North Shore Lake Tahoe, CA — California Governor Jerry Brown and Nevada Governor Brian Sandoval signed emergency State Senate bills last week to help ease water shortages due to the record-breaking droughts in their respective states.
The approved bills state that the Truckee River Dam (Lake Tahoe’s only outlet) will release nearly 10 times the normal water volume out of Lake Tahoe until the states’ reservoir waters return back to normal levels. Two-thirds of that Lake Tahoe water will funnel towards the Central Valley and Southern California and the rest will flow to Reno and Pyramid Lake in Nevada.
California and Nevada have been hit the hardest of any states in this years drought. Nearly 40% of the state of Nevada is in extreme drought this summer and California has the nation’s worst drought with 76% of the state experiencing extreme drought. Governor Brown declared a state of emergency earlier this year. The shortage of potable water has been so severe that California is now investing in long-term solutions, such as desalination plants. A facility that is scheduled to be the largest in the Western hemisphere is now under construction in Southern California, and another desalination facility is under consideration in Orange County.

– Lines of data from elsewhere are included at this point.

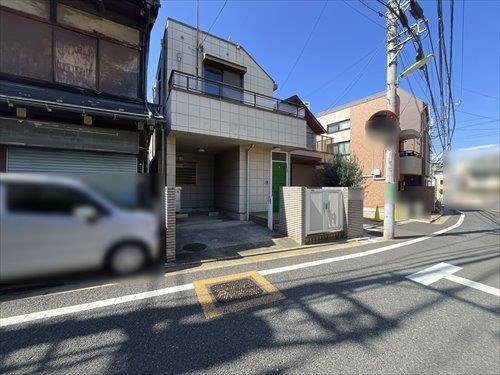 古家解体前現地/南東側から撮影・写真中央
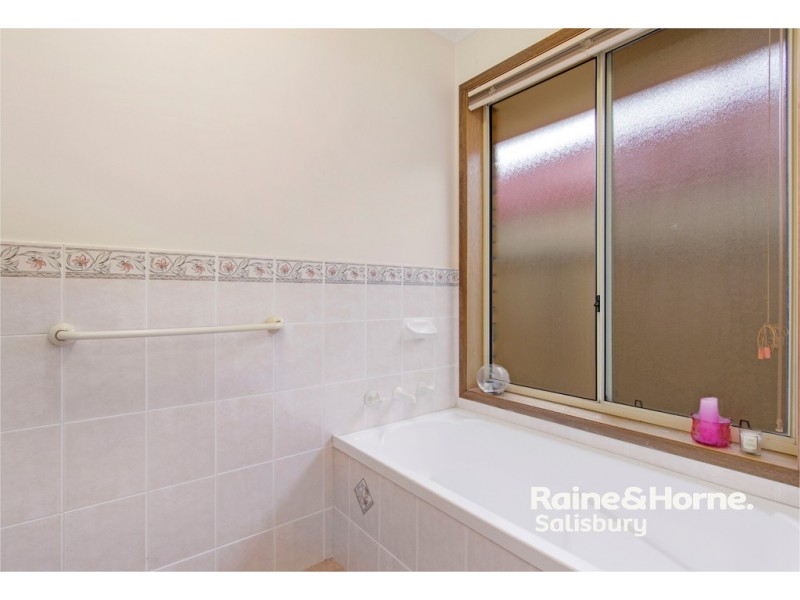 56 Parkway Circuit, Parafield Gardens SA 5107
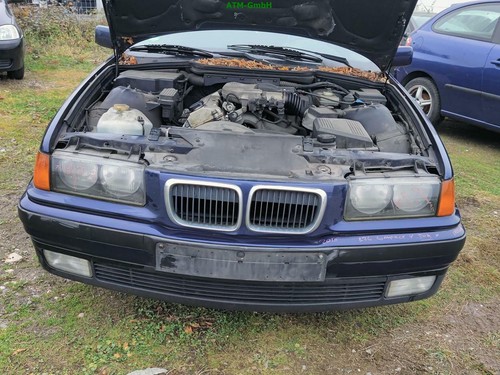 Stoßstange vorne BMW 3 E36 Compact Farbcode 297 Montrealblau Blau Metallic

Governor Sandoval tried to reduce concerns about lowered water levels in Lake Tahoe.
“In autumn, winter, and spring, when it’s as cold as a witch’s tit in a brass brassière,” noted Governor Sandoval, “nobody will be out on the lake anyways.” The Governor also noted that Lake Tahoe’s water levels are a renewable resource supplied each spring from the melting snow pack of 63 streams.

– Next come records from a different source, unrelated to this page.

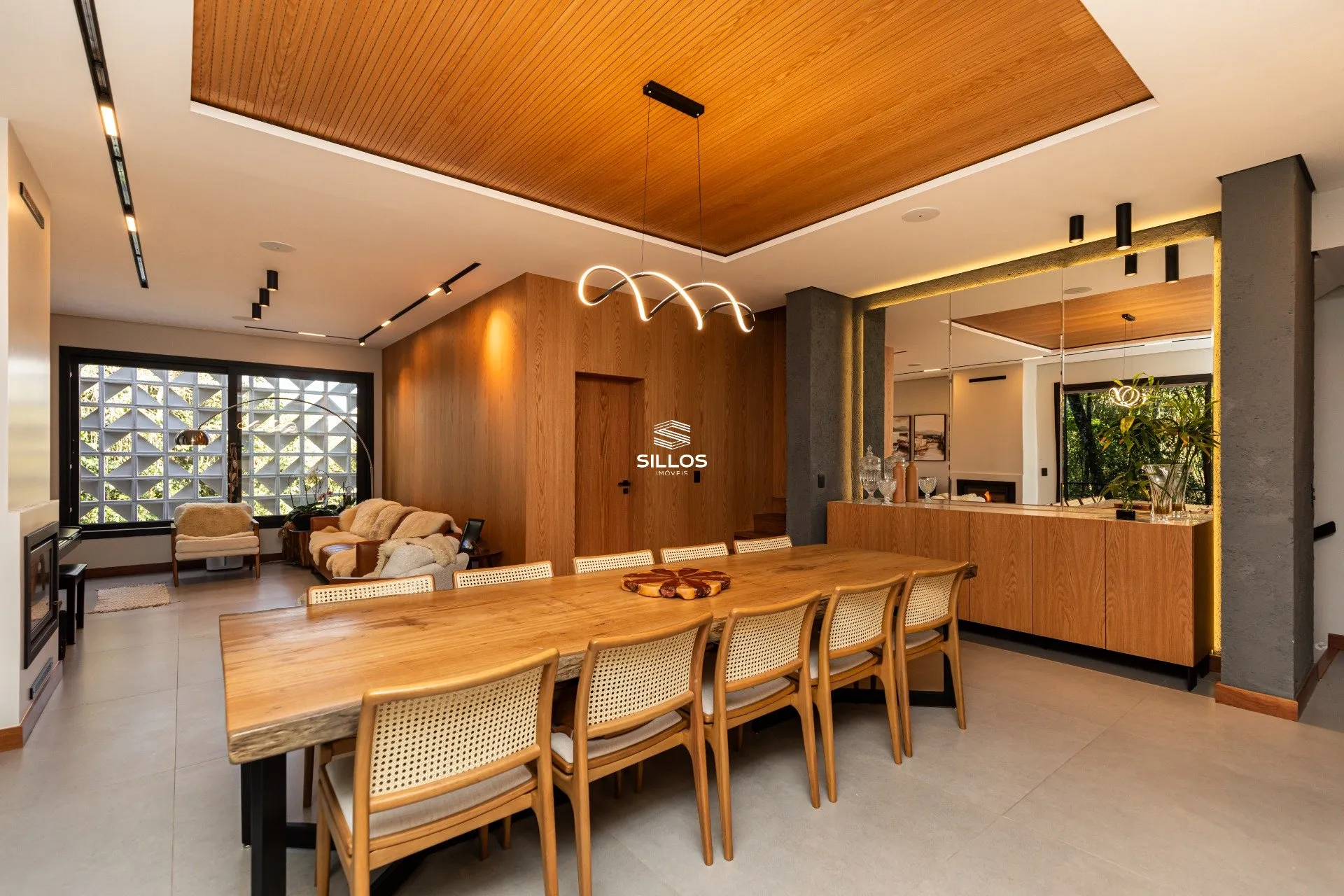 Condominium house with 5 bedrooms and 4 en-suites with balcony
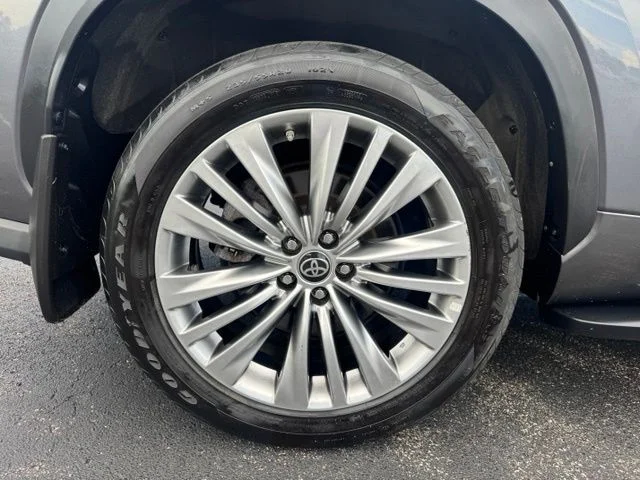 Used 2023 Magnetic Gray Metallic Toyota Platinum image 10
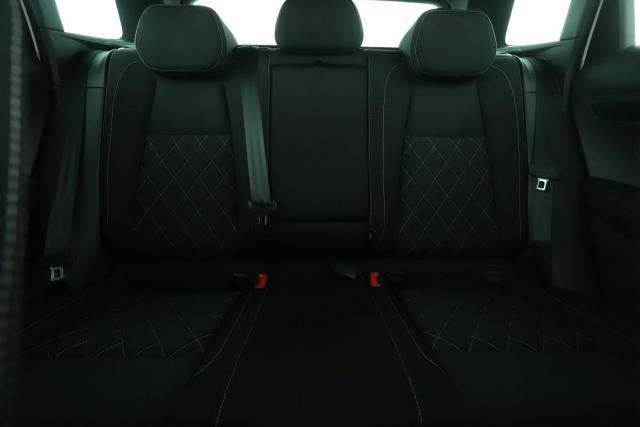 Skoda Karoq image 1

Governor Brown backed Governor Sandoval with statistics from The University of California, Davis.
“No need to worry about where we are today, in the short-term. Just try to wrap your head around some numbers,” announced Governor Brown.” Lake Tahoe has 39 trillion gallons of water. Thirty. Nine. Trillion. Gallons. That is enough water to supply everyone man, woman, and child in the United States with 75 gallons of water per day for five years. And we only need to tap into Tahoe until the state reservoir levels are back to normal, which we estimate to be four to twelve years from now.”
Initial reaction to the news by Tahoe locals ran the gamut of emotions. The Scooper asked chairlift operator and bartender Jason Munkel, of Tahoma, California for his opinion outside a Pythagorean Bogina concert in Crystal Bay, Nevada.

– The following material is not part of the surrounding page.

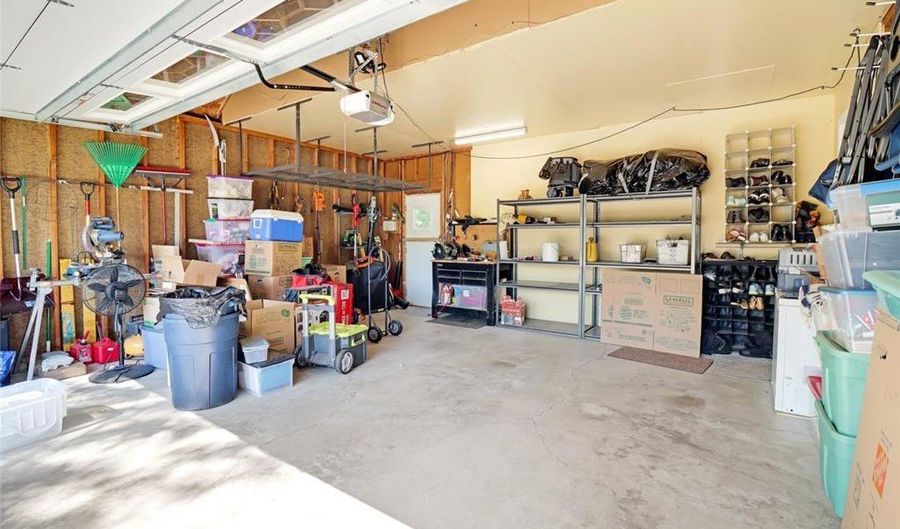 3301 16th Ave, Anoka, MN 55303 - 4 Beds, 2 Bath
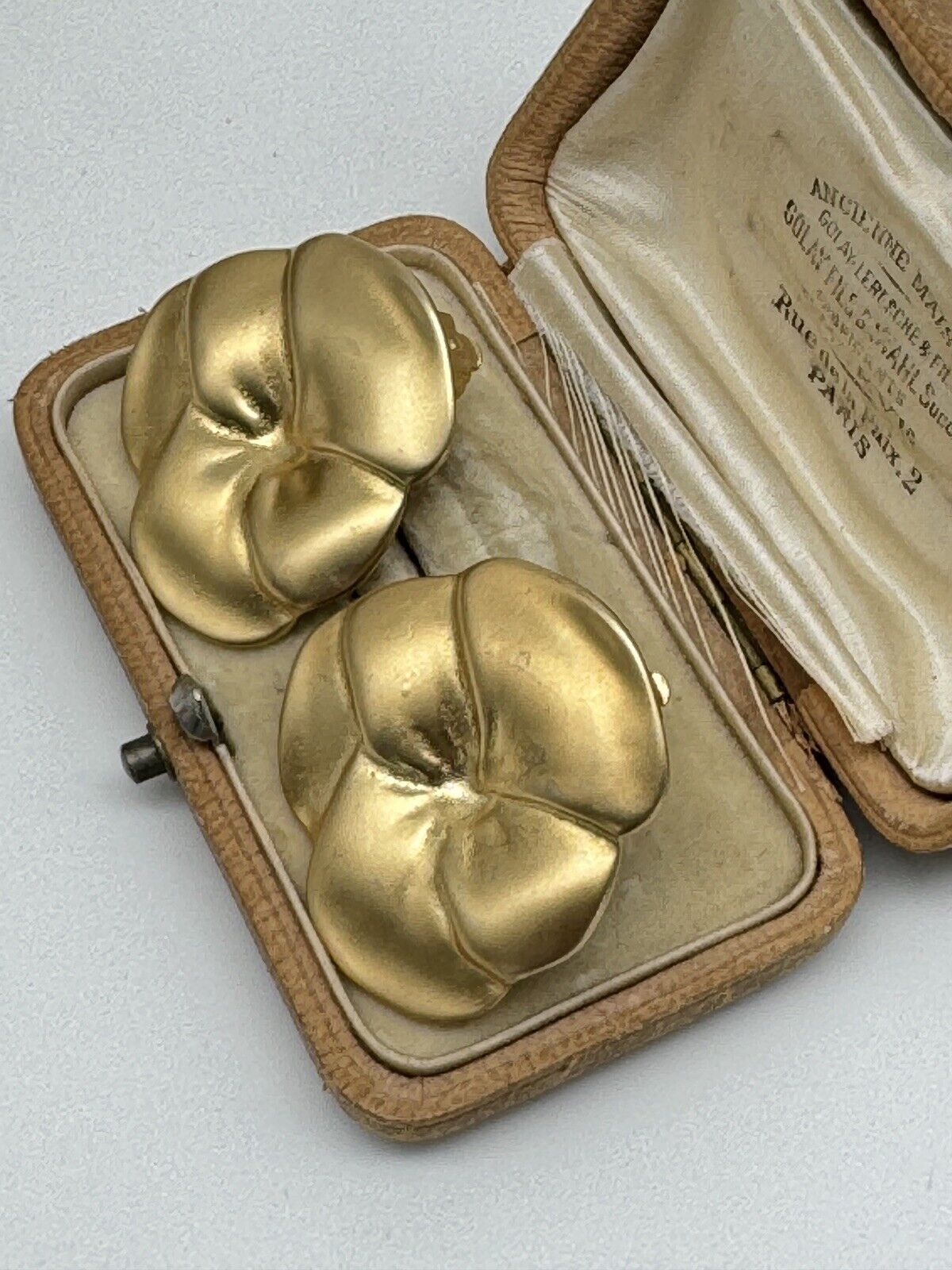 Vintage Pair Pansy Earrings Goldtone Clip-on SIGNED DEO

“Initially, I was super bummed that we were wasting all this water to keep the lawns green down in Bakersfield or wherever,” said a somewhat befuddled Mr. Munkel, “but I think we might see some of the best whitewater rapids ever on the Truckee River. I’m going kayaking with a couple of my buddies after Labor Day weekend, from Tahoe City all the way down to Pyramid Lake, and we will record it with the new GoPro® HERO3+ cameras. Look for us on YouTube, it’s gonna be sick.”